While searching in Google, have you wondered how Google shows up certain websites at top of the other websites? Well if you haven't wondered, this project covers one of the most interesting algorithm called Pagerank which plays crucial role in the recommendation of websites by Google.
It is name of an algorithm in which Google uses it's own formula for ranking websites. The higher is the rank of an website, that much higher is the chance of it appearing at first in reccomendations.
- At first a graph is constructed in which main website topic is the source and all the hyperlinks are destination nodes connected to source.
- Next by using the below formula iteratively we will calucate page ranks of all the sources without anu deadends( the nodes from which there is no outgoing edge).
(Here important note is ranks are probabilities of importances, so sum of all ranks will be approxly 1 but not exactly 1 as it depriates iteration after iteration.)
- After performing iterations the page with highest rank will be displayed first.

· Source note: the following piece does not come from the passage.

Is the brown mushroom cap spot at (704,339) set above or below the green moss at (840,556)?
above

A huge dataset of 40k Wikipedia articles with 1 million hyperlinks (which is in dataset.zip) are used for output and mini dataset of 2k wikipedia articles with 100k hyperlinks (which is in dataset-mini.zip) are used for building the model and testing purposes.
- How the model is implemented is well documented in code in form of comments.
- Top 25 pages with ranks are displayed as output implying they would appear most often in recommender systems of Google search engine.